We love the Clear Fork now. But for years, Fort Worth feared it.
In May 1949, the river that now draws bicycling families and margarita drinks leaped out of its then-brushy banks and swallowed much of west and central Fort Worth.
More than 10 inches of rain west and northwest of the city turned the Trinity River into a 14-block-wide sea of muck, killing 10 and forcing 13,000 from homes.
Old-timers still argue whether the flood reached what is now the first or second floor of what is now Montgomery Plaza, but for years the waterline was in plain view. Today’s West 7th shopping district, the Fort Worth Zoo and Colonial Country Club were all knee- to shoulder-deep in floodwaters.
“Fort Worth chose the month of May to have itself a major-league flood,” novelist Dan Jenkins wrote in his memoir “His Ownself,” adding that the water rose up the then-Montgomery Ward regional headquarters “even though the Montgomery Ward building was bigger than Waco.”
It was the Clear Fork’s third whack at Fort Worth, after damaging floods in 1908 and 1922. Finally, city leaders and the U.S. Army Corps of Engineers collaborated to build the system of lakes and levees that protects the central city today.
Residents of nearly new postwar homes in the Crestwood and Linwood neighborhoods west of downtown were forced to higher ground, along with residents of Greenway and Riverside east of downtown.
Gawkers stood on Camp Bowie Boulevard in what is now a sub shop parking lot, watching boats go through the busy intersection at University Drive.
Water stood 10 to 12 feet deep throughout today’s West Seventh Street shopping district.
The Star-Telegram account is chilling:
“Mrs. Jose Kent [an 80-year-old] was swept away by raging floodwaters early Tuesday morning near Baker’s Floral Shop on [South] University Drive in Forest Park.

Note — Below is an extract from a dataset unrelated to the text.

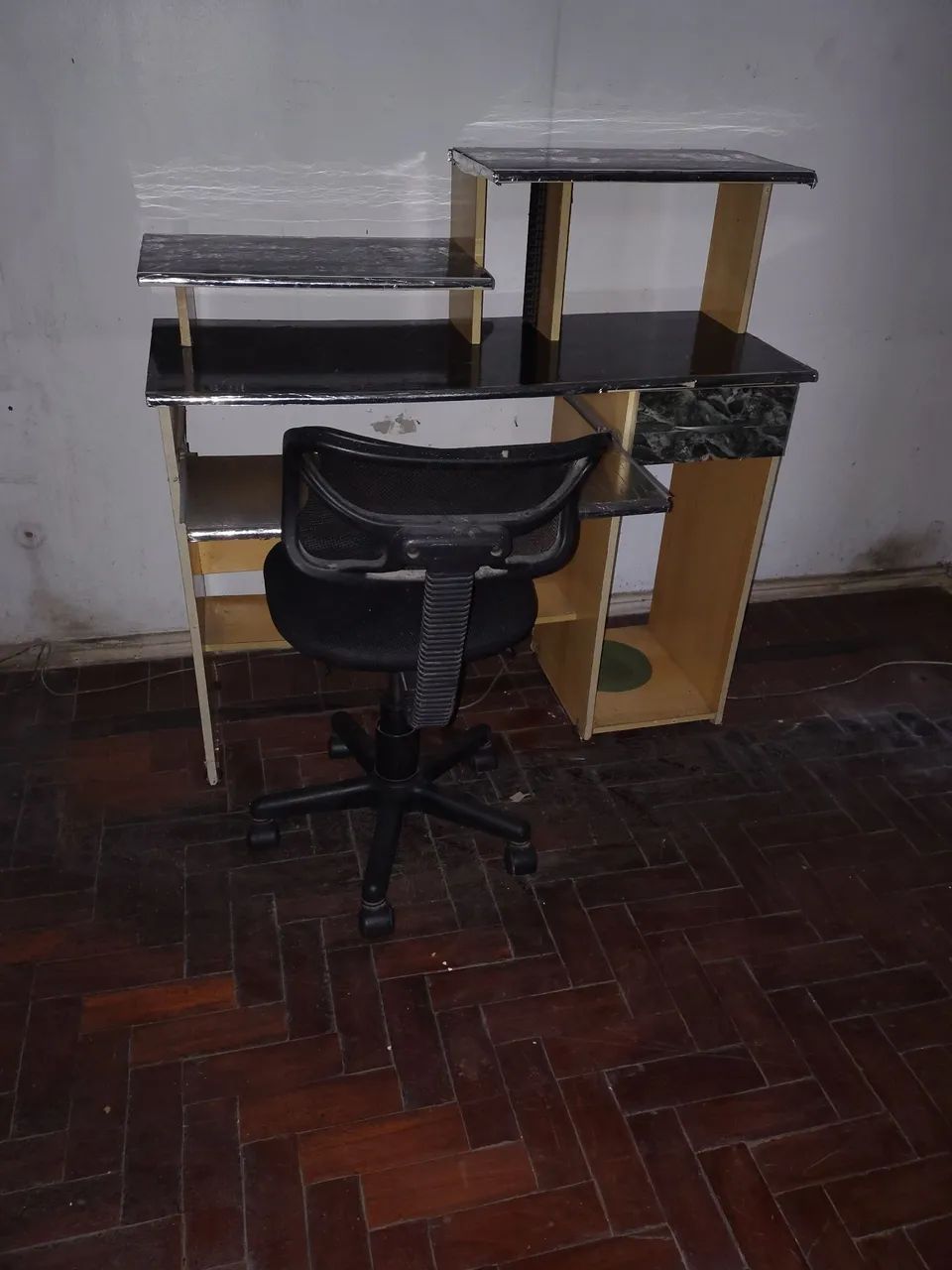 Mesa de Computador com cadeira  - Foto 3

“Her daughter, Mrs. Ira D. Adams, saw her mother carried away by the floodwaters as she clung to a ferris wheel” at a nearby carnival.

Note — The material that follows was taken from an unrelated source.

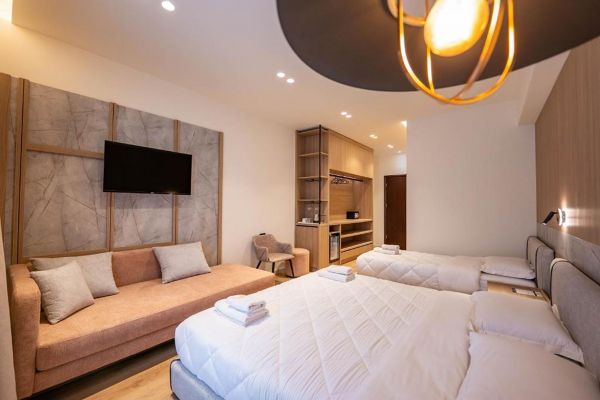 Heksamil Hotel (PKT) - Albania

More than 2,000 evacuees found shelter in Will Rogers Coliseum, with more in the Stock Show cattle barns and in the gymnasium at what is now Naval Air Station Fort Worth.

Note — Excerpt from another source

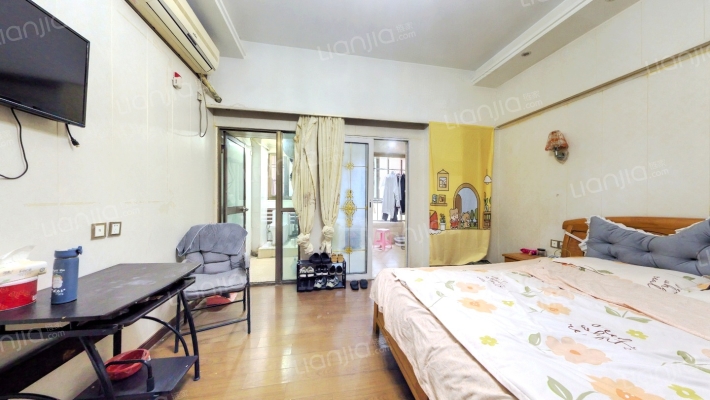 东方丽池二手房实景图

One in 20 Fort Worth residents had to seek shelter.
Water service was out three days.
According to the book “Flash Floods in Texas,” a new water pump motor was rushed in from Indianapolis with a police escort through Missouri and Oklahoma.
The damage estimate was $15 million total, equivalent to $154 million today.
The floodwaters only involved the Clear Fork, which splits southwest toward Benbrook and Mary’s Creek toward a headwaters north of Weatherford. The West Fork rainfall was managed by the Eagle Mountaim Lake dam.
The weather forecast had called for “occasional showers.” But the same storm system had generated 5 inches of rain in Wichita Falls and Breckenridge, west of Fort Worth.
The Star-Telegram was careful to call it only the “second worst” flood in city history. A 1922 flood killed 13, but did only $1 million in damage.
The floods remain the worst disasters in the history of the city of Fort Worth.